Most of the names in the RCA Vocal Series are familiar from the Metropolitan Opera rosters of a generation or two ago, with generally high quality in performance and sound. I find three irresistible. A Lauritz Melchior collection (7914-2-RG) includes duets from "Tristan" and "Lohengrin" with Kirsten Flagstad; solos from "Lohengrin," "Parsifal" and "Siegfried"; miscellaneous songs; and five Schumann duets beautifully sung with Lotte Lehmann. Licia Albanese (60384-2-RG) sings stylishly and with verve in arias of Puccini and the lighter Verdi soprano roles, but what makes this disc unique is a brilliant 1951 performance of the Letter Scene from "Eugene Onegin" with Leopold Stokowski conducting. Albanese never sang "Onegin" on stage, but she interprets it with great musical and dramatic precision, and she learned Russian to do it right. You have to admire that kind of dedication. Zinka Milanov (60074-2-RG) sings the "Song to the Moon" from Dvorak's "Rusalka" in Czech and two other selections in Serbian (her native language); elsewhere she sounds like an Italian soprano (which she wasn't) born to sing the big Verdi roles (which she was).

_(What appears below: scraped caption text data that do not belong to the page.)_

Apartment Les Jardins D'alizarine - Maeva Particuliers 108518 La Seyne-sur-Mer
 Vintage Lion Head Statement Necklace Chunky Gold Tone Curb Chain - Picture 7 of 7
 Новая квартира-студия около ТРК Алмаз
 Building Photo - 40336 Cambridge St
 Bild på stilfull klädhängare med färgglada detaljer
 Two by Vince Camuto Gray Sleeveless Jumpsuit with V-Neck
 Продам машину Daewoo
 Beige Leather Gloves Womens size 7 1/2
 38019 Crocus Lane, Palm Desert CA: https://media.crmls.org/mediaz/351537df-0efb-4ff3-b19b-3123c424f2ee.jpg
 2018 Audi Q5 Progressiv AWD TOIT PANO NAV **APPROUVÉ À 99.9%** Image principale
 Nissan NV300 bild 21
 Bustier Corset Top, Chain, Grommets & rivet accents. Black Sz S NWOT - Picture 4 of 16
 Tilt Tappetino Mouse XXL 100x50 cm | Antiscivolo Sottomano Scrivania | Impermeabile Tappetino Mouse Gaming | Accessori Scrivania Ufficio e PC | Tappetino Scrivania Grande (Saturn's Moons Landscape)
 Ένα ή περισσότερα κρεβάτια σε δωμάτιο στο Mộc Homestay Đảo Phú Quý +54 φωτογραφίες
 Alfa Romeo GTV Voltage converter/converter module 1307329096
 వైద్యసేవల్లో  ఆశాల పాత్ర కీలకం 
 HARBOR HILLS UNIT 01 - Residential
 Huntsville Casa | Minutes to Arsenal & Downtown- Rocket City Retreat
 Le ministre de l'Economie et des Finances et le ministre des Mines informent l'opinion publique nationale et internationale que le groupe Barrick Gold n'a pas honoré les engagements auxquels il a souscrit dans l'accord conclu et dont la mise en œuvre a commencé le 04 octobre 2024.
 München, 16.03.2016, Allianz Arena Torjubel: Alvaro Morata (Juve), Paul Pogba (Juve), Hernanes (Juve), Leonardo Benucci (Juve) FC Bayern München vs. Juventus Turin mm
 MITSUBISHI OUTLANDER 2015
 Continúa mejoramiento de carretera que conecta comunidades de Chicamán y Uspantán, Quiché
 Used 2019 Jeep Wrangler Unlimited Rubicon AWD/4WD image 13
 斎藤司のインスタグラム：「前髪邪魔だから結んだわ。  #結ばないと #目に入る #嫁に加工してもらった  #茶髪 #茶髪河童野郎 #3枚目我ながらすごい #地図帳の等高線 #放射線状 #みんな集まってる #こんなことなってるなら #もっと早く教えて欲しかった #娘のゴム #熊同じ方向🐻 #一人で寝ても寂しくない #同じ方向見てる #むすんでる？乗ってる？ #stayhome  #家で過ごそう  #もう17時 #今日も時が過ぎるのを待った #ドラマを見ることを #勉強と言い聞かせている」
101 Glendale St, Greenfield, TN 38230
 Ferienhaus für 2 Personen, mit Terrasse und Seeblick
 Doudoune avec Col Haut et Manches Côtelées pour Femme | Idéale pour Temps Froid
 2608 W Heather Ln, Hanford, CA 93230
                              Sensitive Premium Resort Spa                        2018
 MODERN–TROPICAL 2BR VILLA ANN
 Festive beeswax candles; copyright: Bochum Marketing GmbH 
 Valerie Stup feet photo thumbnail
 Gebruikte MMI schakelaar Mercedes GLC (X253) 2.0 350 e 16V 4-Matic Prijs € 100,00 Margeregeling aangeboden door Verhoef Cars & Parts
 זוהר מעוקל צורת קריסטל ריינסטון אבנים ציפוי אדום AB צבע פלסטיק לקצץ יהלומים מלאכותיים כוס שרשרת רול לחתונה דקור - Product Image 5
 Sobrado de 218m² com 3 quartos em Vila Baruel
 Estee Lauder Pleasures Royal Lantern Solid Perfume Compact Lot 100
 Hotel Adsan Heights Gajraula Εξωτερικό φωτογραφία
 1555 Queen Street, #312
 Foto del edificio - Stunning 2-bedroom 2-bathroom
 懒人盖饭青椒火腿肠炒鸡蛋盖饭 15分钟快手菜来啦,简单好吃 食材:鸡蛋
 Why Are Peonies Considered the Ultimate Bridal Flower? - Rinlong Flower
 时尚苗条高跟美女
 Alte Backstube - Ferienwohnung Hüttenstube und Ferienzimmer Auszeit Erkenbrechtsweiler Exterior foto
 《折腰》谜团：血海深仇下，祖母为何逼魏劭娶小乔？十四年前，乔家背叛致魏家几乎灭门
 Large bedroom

Voices From the Present The next generation's counterpart to Milanov was Leontyne Price, who has retired from opera but is still impressively active as a recitalist. Her art is vividly documented in dozens of RCA recordings. Operatically, she was identified primarily with Verdi, but her art extended from Mozart to Richard Strauss. Her "Strauss Arias" collection (60398-2-RG), from recordings made between 1965 and 1973, shows her as a Marschallin, Ariadne and even Salome of silver tone and great power. This disc, unlike all those listed above except Nimbus/Cuenod, has complete texts and translations. I suspect that Price insisted, and she should be commended for this.

One of the legendary voices of the mid-19th century, soprano Pauline Viardot-Garcia, was also an accomplished songwriter -- a salon composer rather than an innovator, but a skilled melodist with a good eye for singable texts and a knack for giving each little piece a distinctive flavor. In a collection of her songs (CPO 999-044-2, with texts and translations), Swiss musicologist and soprano Karin Ott captures the flavor of the period, brings pleasant additions to the recorded repertoire and produces some impressive coloratura singing. Besides her original works, the disc includes Viardot-Garcia's adaptations, for her own use, of music by Chopin, Jomelli and Gluck.

"L'Heure exquise" ("The Exquisite Hour") is the completely apt title of a collection of French songs by Reynaldo Hahn, Georges Bizet and Emmanuel Chabrier performed with perfectly poised style and technique by soprano Rachel Yakar and pianist Claude Lavoix (Virgin VC 7 91089-2, with texts and translations). This repertoire is relatively unfamiliar in the United States but amply rewards the effort involved in getting to know it. This disc makes that effort easy and delightful.

Even less familiar than French on our concert and recital stages is the Aztec language Nahuatl. The only piece of music I know that uses that language is "Cantos Aztecas" by Lalo Schifrin, an Argentine-born composer who studied with Messiaen in Paris and has worked extensively in this country as a jazz arranger and film composer. The "Cantos Aztecas" are set to poems by the 12th-century Aztec prince Nexahuacoyotl, we are informed in the notes of the first recording (ProArte CDD 494, with text and translation). The music sounds a little bit like Carl Orff writing a Hollywood soundtrack, and it is powerfully performed by Placido Domingo with Shifrin conducting the Mexico Philharmonic Orchestra and chorus.